Hepatitis D: This is a serious form of hepatitis that only develops in people with hepatitis B – it cannot be contracted on its own.
Hepatitis E: Hepatitis E is usually caused by drinking contaminated water. It generally resolves itself within a few weeks without any lasting complications.
2. Fatty liver disease
There are two types of fatty liver disease yet, these two types can occur separately or overlap:
- Alcoholic fatty liver, which is caused by heavy alcohol consumption.
- Non-alcoholic fatty liver disease, is caused by other factors that experts are still trying to understand.
Without treatment, both types of fatty liver can cause liver damage, leading to cirrhosis and liver failure. Diet and other lifestyle changes can often improve symptoms and reduce the risk of complications.
3. Autoimmune conditions
Autoimmune conditions involve your immune system mistakenly attacking healthy cells in your body. Autoimmune conditions involve your immune system attacking cells in the liver, including:
This condition causes your immune system to attack your liver, leading to inflammation. Without treatment, it can lead to cirrhosis and liver failure.
Primary biliary cirrhosis (PBC):
This is caused by damage to the bile ducts in your liver, causing bile to build up. PBC can eventually lead to cirrhosis and liver failure.
Primary sclerosing cholangitis:
This inflammatory condition causes gradual damage to your bile ducts. They eventually become blocked, causing bile to build up in your liver. This can lead to cirrhosis or liver failure.
4. Genetic conditions
Several genetic conditions that you inherit from one of your parents can also affect your liver:
- Hemochromatosis causes your body to store more iron than it needs. This iron stays in your organs, including your liver. This can lead to damage over a long period of time if not managed.
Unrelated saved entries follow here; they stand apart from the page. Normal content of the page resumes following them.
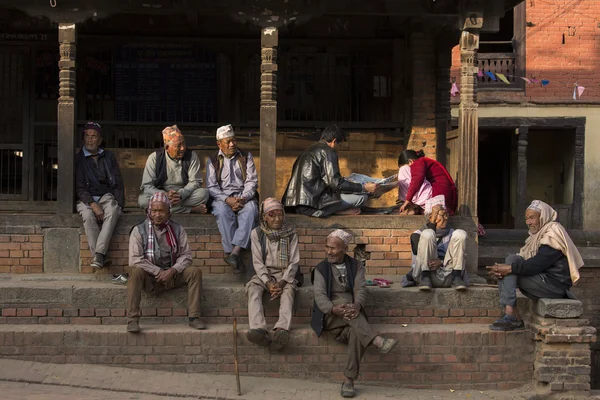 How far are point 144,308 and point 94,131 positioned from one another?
2.32 meters

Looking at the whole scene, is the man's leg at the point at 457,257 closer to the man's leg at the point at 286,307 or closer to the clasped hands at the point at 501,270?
the clasped hands at the point at 501,270

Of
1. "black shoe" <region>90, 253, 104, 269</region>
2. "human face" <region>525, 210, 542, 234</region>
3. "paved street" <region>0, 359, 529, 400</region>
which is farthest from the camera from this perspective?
"black shoe" <region>90, 253, 104, 269</region>

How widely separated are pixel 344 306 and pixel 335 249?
1.95 feet

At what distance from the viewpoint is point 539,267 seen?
28.3 feet

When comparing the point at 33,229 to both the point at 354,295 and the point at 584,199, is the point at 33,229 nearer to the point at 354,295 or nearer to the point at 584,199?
the point at 354,295

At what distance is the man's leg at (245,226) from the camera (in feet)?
30.6

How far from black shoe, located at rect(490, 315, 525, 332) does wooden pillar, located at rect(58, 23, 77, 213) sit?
201 inches

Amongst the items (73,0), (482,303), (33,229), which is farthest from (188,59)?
(482,303)

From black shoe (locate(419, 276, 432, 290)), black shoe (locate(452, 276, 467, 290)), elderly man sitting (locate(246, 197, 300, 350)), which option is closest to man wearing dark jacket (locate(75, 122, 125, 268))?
elderly man sitting (locate(246, 197, 300, 350))

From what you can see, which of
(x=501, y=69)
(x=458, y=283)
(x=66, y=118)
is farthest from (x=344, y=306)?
(x=501, y=69)

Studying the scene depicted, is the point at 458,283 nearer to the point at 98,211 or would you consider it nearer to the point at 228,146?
the point at 228,146

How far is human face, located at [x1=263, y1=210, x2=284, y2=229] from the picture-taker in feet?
28.6

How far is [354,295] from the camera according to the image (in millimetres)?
8398

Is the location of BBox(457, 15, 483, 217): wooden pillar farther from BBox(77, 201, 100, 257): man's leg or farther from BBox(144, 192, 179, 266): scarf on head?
BBox(77, 201, 100, 257): man's leg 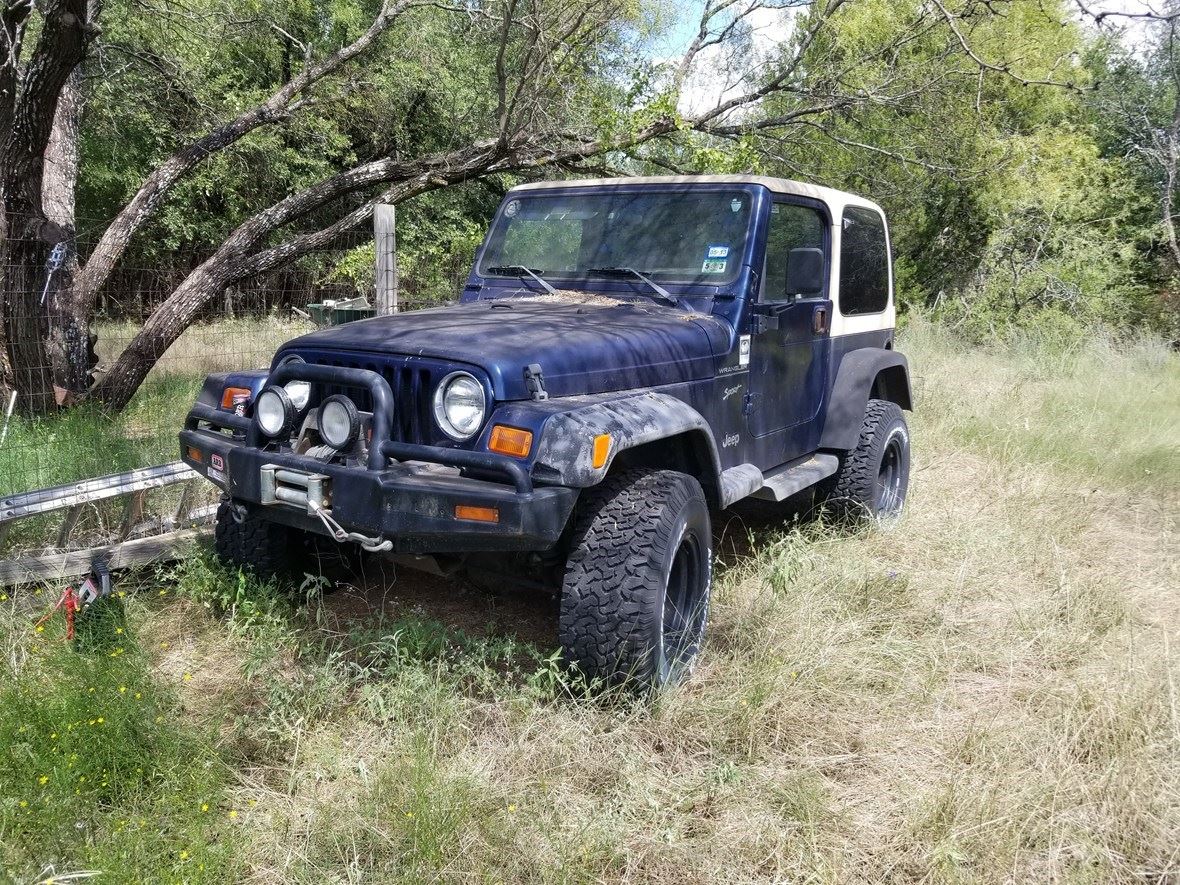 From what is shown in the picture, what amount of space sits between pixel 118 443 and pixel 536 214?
287 cm

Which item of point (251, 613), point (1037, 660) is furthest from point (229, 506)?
point (1037, 660)

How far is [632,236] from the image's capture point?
398cm

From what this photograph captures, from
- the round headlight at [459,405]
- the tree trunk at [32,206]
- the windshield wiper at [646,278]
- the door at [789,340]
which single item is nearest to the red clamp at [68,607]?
the round headlight at [459,405]

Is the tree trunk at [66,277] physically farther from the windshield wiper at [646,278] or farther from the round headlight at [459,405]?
the round headlight at [459,405]

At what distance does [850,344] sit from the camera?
486 centimetres

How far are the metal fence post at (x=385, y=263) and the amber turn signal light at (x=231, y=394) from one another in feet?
7.26

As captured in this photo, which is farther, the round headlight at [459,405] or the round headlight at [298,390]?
the round headlight at [298,390]

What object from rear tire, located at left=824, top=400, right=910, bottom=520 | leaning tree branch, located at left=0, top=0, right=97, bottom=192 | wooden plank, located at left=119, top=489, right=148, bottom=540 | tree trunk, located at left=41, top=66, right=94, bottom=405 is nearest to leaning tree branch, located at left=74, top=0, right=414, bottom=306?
tree trunk, located at left=41, top=66, right=94, bottom=405

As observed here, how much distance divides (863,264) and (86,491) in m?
3.96

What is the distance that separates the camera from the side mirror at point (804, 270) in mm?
3711

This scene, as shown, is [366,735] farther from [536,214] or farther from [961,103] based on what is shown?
[961,103]

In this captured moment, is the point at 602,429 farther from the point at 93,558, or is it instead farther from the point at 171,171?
the point at 171,171

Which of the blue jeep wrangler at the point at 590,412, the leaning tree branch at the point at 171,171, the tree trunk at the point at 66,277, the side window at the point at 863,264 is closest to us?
the blue jeep wrangler at the point at 590,412

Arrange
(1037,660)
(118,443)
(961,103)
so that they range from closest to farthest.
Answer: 1. (1037,660)
2. (118,443)
3. (961,103) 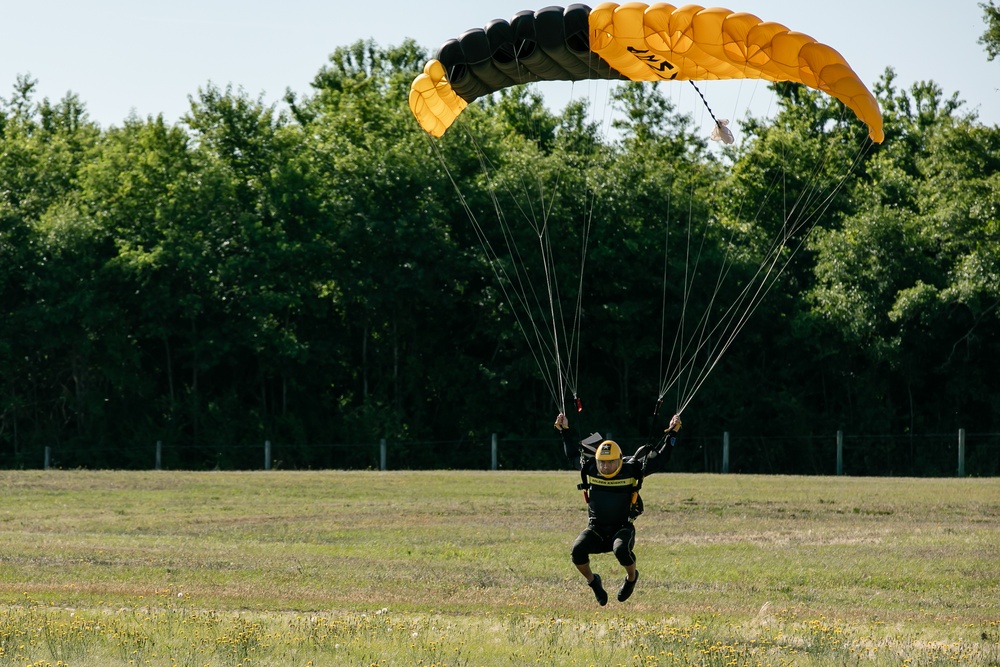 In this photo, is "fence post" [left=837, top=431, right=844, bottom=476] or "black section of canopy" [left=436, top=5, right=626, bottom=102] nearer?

- Wilson’s disease causes your liver to absorb copper instead of releasing it into the bile ducts
- Alpha-1 antitrypsin deficiency occurs when your liver cannot produce enough alpha-1 antitrypsin, a protein that helps prevent enzymes from breaking down throughout the body.
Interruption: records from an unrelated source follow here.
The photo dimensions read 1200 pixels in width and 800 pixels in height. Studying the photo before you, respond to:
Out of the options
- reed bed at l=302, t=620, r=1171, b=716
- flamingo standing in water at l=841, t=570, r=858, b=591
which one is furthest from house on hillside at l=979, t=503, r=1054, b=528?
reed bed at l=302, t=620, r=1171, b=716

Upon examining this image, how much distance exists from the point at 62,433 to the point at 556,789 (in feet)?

Liver cancer first develops in your liver. If cancer starts elsewhere in the body but spreads to the liver, it is called secondary liver cancer. The most common type of liver cancer is hepatocellular carcinoma. It tends to develop as several small spots of cancer in your liver, although it can also start as a single tumor. Complications of other liver diseases, especially those that are not treated, can contribute to the development of liver cancer.
6. Drug-induced liver disease:
As seen in a 2019 study, it is possible to damage your liver from overexposure to certain medications and supplements. Many times this damage can be reversed once you stop taking the drug. But if it continues, the damage can become chronic.
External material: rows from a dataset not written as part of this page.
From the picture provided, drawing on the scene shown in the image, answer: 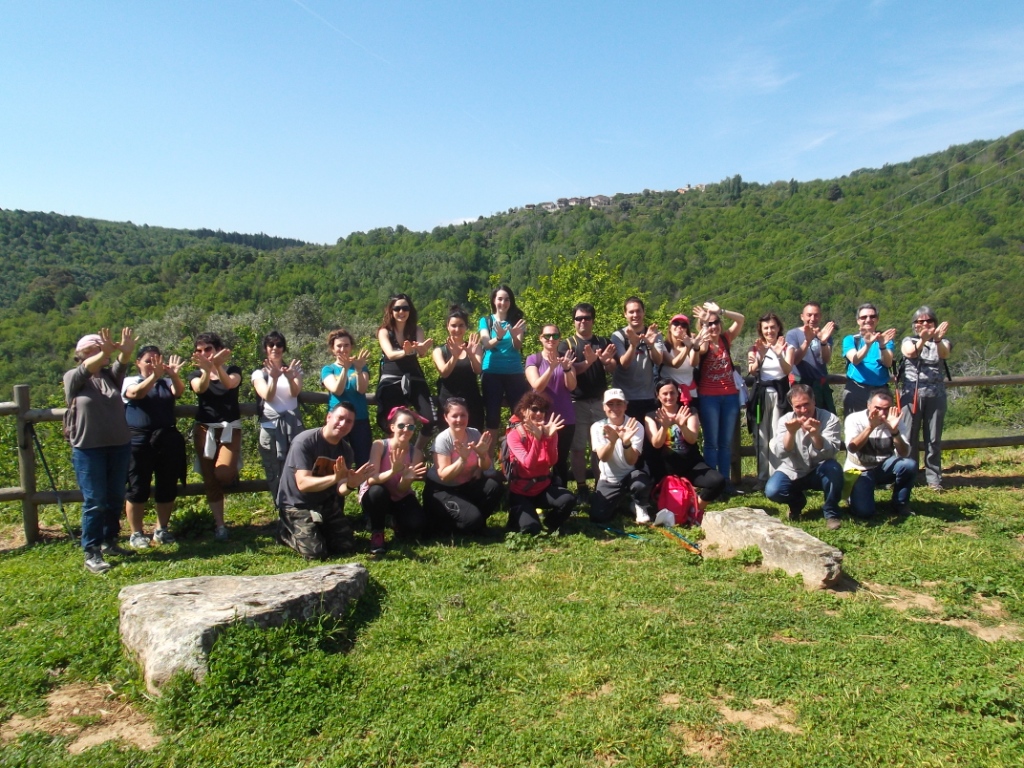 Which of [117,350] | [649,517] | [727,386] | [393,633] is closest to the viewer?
[393,633]

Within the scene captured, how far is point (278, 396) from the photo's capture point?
612 centimetres

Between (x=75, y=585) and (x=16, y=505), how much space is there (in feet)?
11.1

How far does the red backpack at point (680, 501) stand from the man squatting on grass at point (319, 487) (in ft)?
9.06

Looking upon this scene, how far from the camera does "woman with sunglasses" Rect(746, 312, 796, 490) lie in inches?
276

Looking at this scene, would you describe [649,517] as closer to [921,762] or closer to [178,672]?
[921,762]

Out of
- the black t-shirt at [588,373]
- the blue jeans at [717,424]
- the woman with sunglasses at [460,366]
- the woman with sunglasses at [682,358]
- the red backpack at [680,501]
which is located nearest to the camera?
the red backpack at [680,501]

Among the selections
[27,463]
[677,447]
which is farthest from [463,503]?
[27,463]

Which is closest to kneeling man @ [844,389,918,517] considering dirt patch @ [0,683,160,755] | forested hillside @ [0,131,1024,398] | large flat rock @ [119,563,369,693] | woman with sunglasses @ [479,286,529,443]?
woman with sunglasses @ [479,286,529,443]

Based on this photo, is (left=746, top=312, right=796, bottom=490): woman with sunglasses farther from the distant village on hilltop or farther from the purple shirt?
the distant village on hilltop

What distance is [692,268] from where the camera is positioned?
59812 mm

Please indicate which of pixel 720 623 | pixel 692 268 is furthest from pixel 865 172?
pixel 720 623

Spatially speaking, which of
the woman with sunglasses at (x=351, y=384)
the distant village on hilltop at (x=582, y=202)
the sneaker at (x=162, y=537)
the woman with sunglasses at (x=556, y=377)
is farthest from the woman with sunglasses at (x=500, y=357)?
the distant village on hilltop at (x=582, y=202)

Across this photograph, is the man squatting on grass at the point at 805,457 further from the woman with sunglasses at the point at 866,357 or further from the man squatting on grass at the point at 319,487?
the man squatting on grass at the point at 319,487

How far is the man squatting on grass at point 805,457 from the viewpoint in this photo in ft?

Cirrhosis refers to scarring that results from liver disease and other causes of liver damage, such as alcohol use disorder. Cystic fibrosis and syphilis can also lead to liver damage and eventually cirrhosis – although these two causes are much less common.
Your liver can regenerate in response to damage, but this process usually leads to the development of scar tissue. The more scar tissue that develops, the harder it is for your liver to function properly. It can lead to further complications and become life-threatening.
8. Liver failure:
Chronic liver failure usually occurs when a significant portion of your liver is damaged and cannot function properly. In general, liver failure related to liver disease and cirrhosis happens slowly. You may not have any symptoms at first. But over time, you may start to notice jaundice, diarrhea, confusion, fatigue and weakness, and nausea.
It is a serious condition that requires constant treatment. Acute liver failure, on the other hand, occurs suddenly, often in response to an overdose or poisoning.
Treatment for liver disease depends on the type of liver disease you have and how far it has progressed. It is best advised to see a doctor or medical professional as soon as possible.